■ Data under study ■
○ ○ ○ ○
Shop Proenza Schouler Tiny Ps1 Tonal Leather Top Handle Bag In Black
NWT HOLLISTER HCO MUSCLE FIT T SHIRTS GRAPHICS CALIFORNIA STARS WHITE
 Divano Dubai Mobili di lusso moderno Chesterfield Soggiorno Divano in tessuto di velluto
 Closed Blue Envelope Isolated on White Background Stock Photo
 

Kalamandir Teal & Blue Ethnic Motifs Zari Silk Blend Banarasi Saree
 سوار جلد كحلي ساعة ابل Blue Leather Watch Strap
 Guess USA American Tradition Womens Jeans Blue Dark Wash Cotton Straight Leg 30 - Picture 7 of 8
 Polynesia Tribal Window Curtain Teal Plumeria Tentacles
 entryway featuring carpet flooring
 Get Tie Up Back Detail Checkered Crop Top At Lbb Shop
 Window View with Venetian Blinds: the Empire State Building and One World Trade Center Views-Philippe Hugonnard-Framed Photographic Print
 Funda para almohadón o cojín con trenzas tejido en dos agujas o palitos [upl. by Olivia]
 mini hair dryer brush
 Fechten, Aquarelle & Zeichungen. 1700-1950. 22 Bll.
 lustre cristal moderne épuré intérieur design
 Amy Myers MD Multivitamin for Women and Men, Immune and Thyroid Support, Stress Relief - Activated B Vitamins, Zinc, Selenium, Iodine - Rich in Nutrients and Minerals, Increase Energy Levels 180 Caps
○ ○ ○ ○
■ Problem description ■
Within the material above, output exactly the lines from the one with "Closed Blue Envelope" through the one with "Guess USA American", end lines included, and nothing besides.

■ Reply ■
 Closed Blue Envelope Isolated on White Background Stock Photo
 

Kalamandir Teal & Blue Ethnic Motifs Zari Silk Blend Banarasi Saree
 سوار جلد كحلي ساعة ابل Blue Leather Watch Strap
 Guess USA American Tradition Womens Jeans Blue Dark Wash Cotton Straight Leg 30 - Picture 7 of 8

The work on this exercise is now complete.